Este relato inicia con los
datos cronológicos: era el mismo día y la escena tiene lugar cuando termina el
día opsía (Los romanos dividían la
noche en cuatro vigilias de tres horas: 18 a 21 opsía = atardecer; de 21 a 24 mesonyktion
= medianoche; de 24 a 3 alektorophonía
= canto del gallo; de 3 a 6 proi =
madrugada). La oscuridad es el ambiente en el que se mueven los que carecen de
fe. Y el texto agrega además, que a pesar de haber recibido el anuncio de María
Magdalena, los discípulos se han encerrado con llave “por temor a los judíos”,
en sentido de “las autoridades religiosas”. En el fondo ese temor, es signo
incluso de su incredulidad, y por ende sienten miedo a la agresión o
persecución por el nombre del Resucitado. Pero para superarles el miedo fruto
de la incredulidad, viene a su encuentro el propio Jesús y sus primeras
palabras para ellos son “¡Paz a ustedes”! Saludo común entre judíos: “Shalom lakem”. En boca de Jesús el
término “Paz” no es un simple saludo convencional, porque Él les dijo a sus
discípulos que les otorgaba la paz que no es de este mundo (Jn 14,27), por lo
tanto, este término viene cargado del don de la paz escatológica. Con la
muestra de sus heridas, el resucitado quiere mostrarles que es el mismo que
estuvo en la cruz, pero diferente porque entró incluso con las puertas
cerradas. El reconocimiento les provocó inmensa alegría a los discípulos,
cumpliéndose así lo que Él había
anunciado, que cuando lo volvieran a verlo tendrían una alegría que nadie les
podría quitar (16,22). La alegría completa (15,11), junto con la paz (v.19),
pertenecen a los bienes esperados para la escatología. Con la visión del Cristo
resucitado, los discípulos comienzan a gozar de esa felicidad. Jesús se dirige
a Tomás y le ofrece las manos y el costado para que haga la constatación
exigida como condición para creer.
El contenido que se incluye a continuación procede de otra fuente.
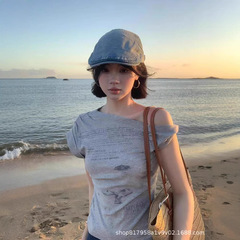 レトロアメリカンギャル不規則なスリムフィット傾斜肩半袖 Tシャツ女性夏ニッチオールマッチグレーシックなトップ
El cuerpo del resucitado es real, y conserva
los signos de su crucifixión: no es un fantasma ni es otro que lo ha
sustituido. La invitación concluye con un reproche en forma de imperativo en el
que se oponen dos términos parecidos: “No seas no-creyente (ápistos) sino creyente (pistós)”. Luego Tomás exclamará: “Señor
mío y Dios mío”. Cómo dirá santo Tomás de Aquino: “Vio una cosa, pero creyó en
otra. Vio al hombre y las cicatrices, y de ahí creyó en la divinidad del
resucitado”. Esta fórmula se usaba hacia fines del siglo I, cuando los súbditos
se dirigían al emperador Domiciano, él se hacía llamar con estos títulos, y los
cristianos lo aplicaron a Jesús desde los primeros tiempos. Jesús, durante la
cena, dice a los discípulos que este es el título con que ellos lo llaman
(13,13). En cambio el título “Dios”, aplicado a Jesucristo, es una novedad de
los evangelios. En los evangelios sinópticos no se le da nunca este nombre y en
el comienzo del “Prólogo” del evangelio de Juan (1,1) se escribe sin artículo,
estableciendo de esta manera una diferencia con “ho theós” (el Dios), el Padre, nombrado en el mismo contexto. Jesús
no es el Padre, pero es lo que es el Padre.